The disclaimer follows here – generally, I am a book fan first, and a movie fan second, however I would be hard pressed to say which medium I’ve experienced Potter more in – the books or the movies.

Harry Potter is one of those series you almost wish they would have waited until JK Rowling had finished crafting her magic, so they’d know exactly what to keep in and what to take out. Except we wouldn’t have gotten the excellent casting of the trio Radcliffe, Watson, and Grint. Made during the early phases of Pottermania, they didn’t take out much of anything in Sorcerer’s Stone, which makes for one really long movie. It’s almost too much of an assault on the senses if you’re not used to it, and by and large, it explains why the movie was a smash hit yet the reviews were profoundly mixed and even a bit negative. It really is a lot to sit through. But for a fan? Wonderful!


Authentic and charming touches include Harry’s wonderment at the wizarding world and all it contains, Aunt Petunia’s simpering at Dudley and Quidditch. While I am not a huge fan of Quidditch, I would much rather watch it than have to read about it. As Sorcerer’s Stone is an introduction to Harry’s magical world, it may as well be complete as possible. Sure, Harry’s a bit one note “wow” through the whole film, but then again, he’s a lot like that in the book as well. The movie is sugary, bright, and sweet. The acting from the kids is not fantastic (Emma Watson stands out a bit here in a good way), but it is a bit earnest and sincere in its efforts.

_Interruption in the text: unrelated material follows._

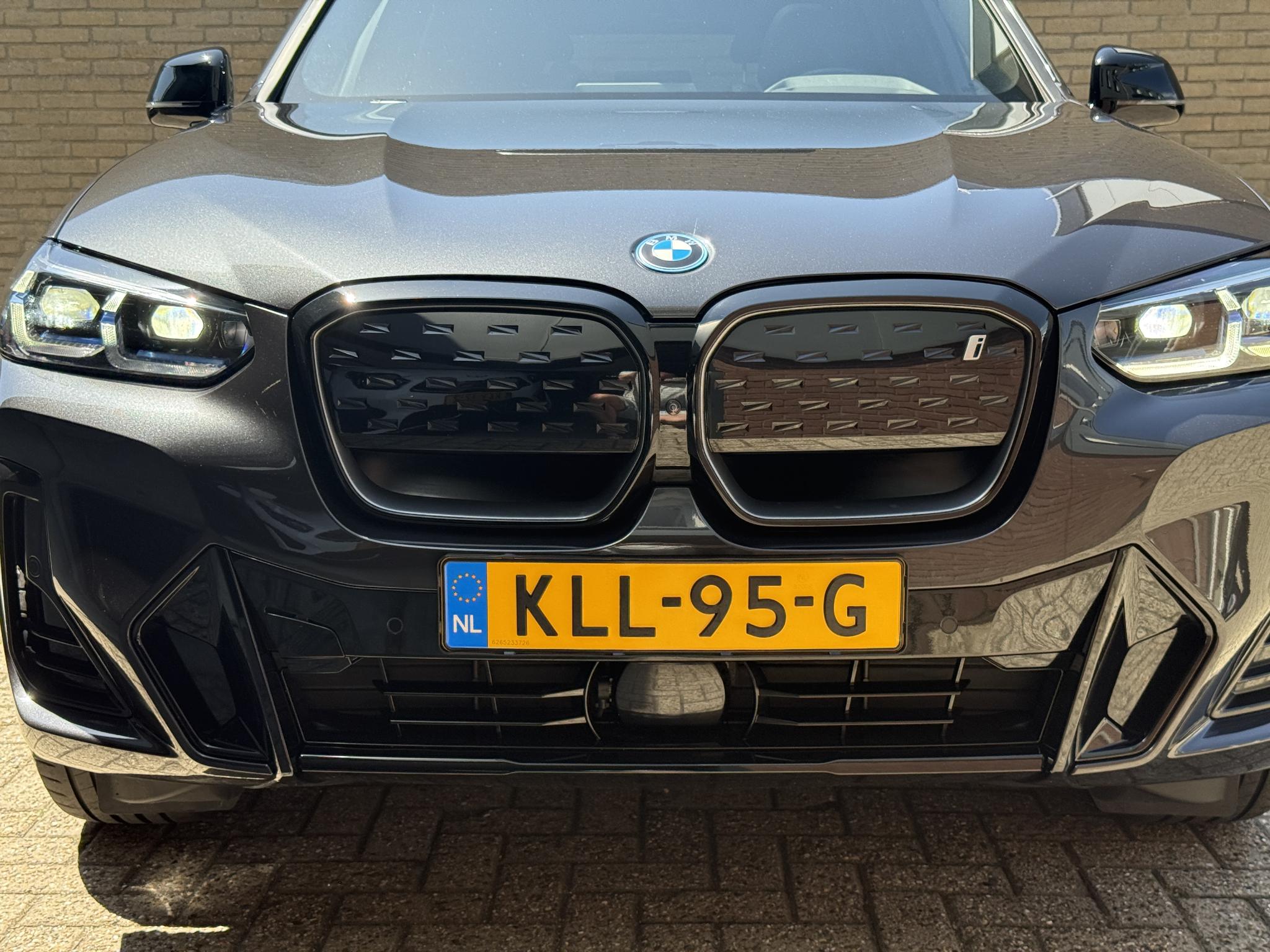 Foto van BMW Ix3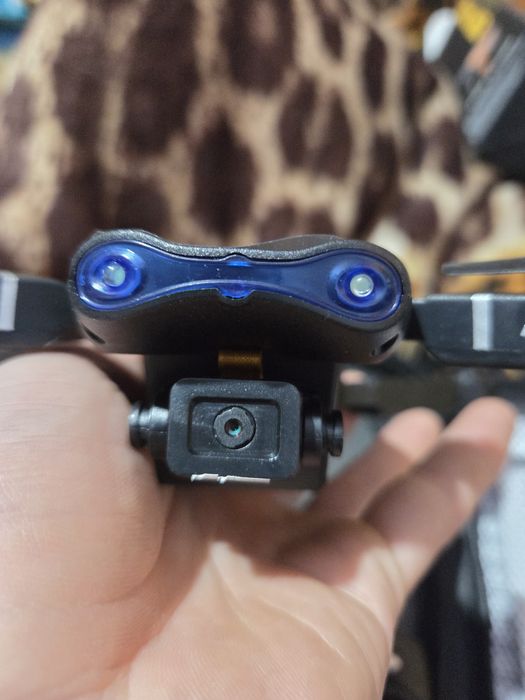 Dronă cu cameră video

The adults are delightful in this outing, from Richard Harris as Dumbledore (a bit too understated) to slick and sneering Alan Rickman (Snape), to Dame Maggie Smith (McGonagall).


Like every movie, it’s going to leave things out and stress some of the wrong things. Cutting out the tasks at the end wouldn’t have been where I made the major hacks (it shows the trio working as a team! That’s important!) but it could have been worse. One thing the movie did do right is how Professor Quirrell never touches Harry’s hand before the end of the movie. Personally, I just want to know where Voldemort took over doing half-head duty on Quirrell, because if it’s not between the time he saw Harry at the Leaky Cauldron and the first part of school, then there’s something critically flawed in the book. Of course, this is not really a new observation of mine, this has always bothered me, and it just bothers me when I watch Sorcerer’s Stone.


I’ll admit, when I want a movie that I can fall asleep safely to in a tired haze (because I know what’s going to happen), or am particularly holed up and not feeling well, I reach for Harry Potter and the Sorcerer’s Stone. That’s not to say the movie is dull (though it probably could be tightened up here and there), it’s just there’s no face mashed up against open book discomfort in falling asleep and I don’t feel like I’ve critically missed anything after the several dozen viewings. The only thing that could surpass the experience for absolute laziness on this? The audio book. While this may sound like a horrible recommendation for the movie – it isn’t. It’s a kid’s movie, and a decent enough blanket to curl up with. Flaws aside, Sorcerer’s Stone isn’t as bad as everyone says it is.

But wouldn’t it be better if years from now someone like the BBC revisited the whole series? You know what I’m saying.